▶ **Your assignment**: Set down all of the data that follows word for word, without the images.

▶ **Data extract**:
--------

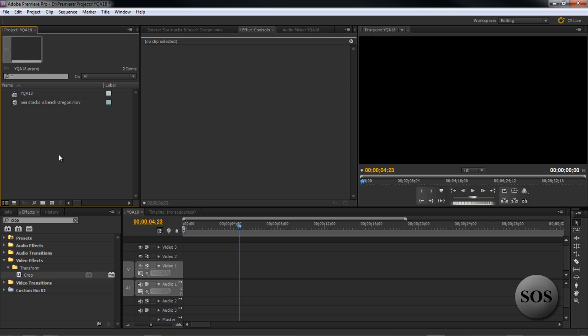Hey everyone, Dave here from Sonic Orb Studios and it's time for another Your Questions Answered episode 18.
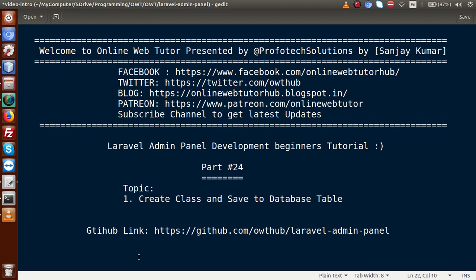Hello guys, welcome to Online Web Tutor presented by Proof of Text Sessions team. I am Sanjay. We are learning Laravel admin panel development — beginner tutorial. This is part number 24. Inside this video session, we will create a class and save it to our database table. If you're a beginner to this channel, please don't forget to subscribe and keep watching our previous video sessions.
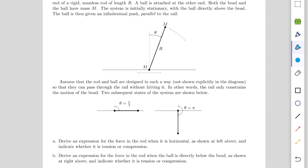In the question, a bead is placed on a horizontal rail along which it can slide frictionlessly. It is attached to the end of a rigid massless rod of length R, and a ball is attached to the other end. Both the bead and the ball have mass, and the system is initially stationary with the ball directly above the bead. The ball is given an infinitesimal push parallel to the rail. We assume the rod and ball can pass through the rail without hitting it, and the rail only constrains the motion of the bead. Two subsequent states are given: in Part A and B we find the force in the rod (tensile or compressive), and in Part C we find omega as a function of theta.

--------

▶ **Solution for this exercise**:
Hey everyone, Dave here from Sonic Orb Studios and it's time for another Your Questions Answered episode 18.
Hello guys, welcome to Online Web Tutor presented by Proof of Text Sessions team. I am Sanjay. We are learning Laravel admin panel development — beginner tutorial. This is part number 24. Inside this video session, we will create a class and save it to our database table. If you're a beginner to this channel, please don't forget to subscribe and keep watching our previous video sessions.
In the question, a bead is placed on a horizontal rail along which it can slide frictionlessly. It is attached to the end of a rigid massless rod of length R, and a ball is attached to the other end. Both the bead and the ball have mass, and the system is initially stationary with the ball directly above the bead. The ball is given an infinitesimal push parallel to the rail. We assume the rod and ball can pass through the rail without hitting it, and the rail only constrains the motion of the bead. Two subsequent states are given: in Part A and B we find the force in the rod (tensile or compressive), and in Part C we find omega as a function of theta.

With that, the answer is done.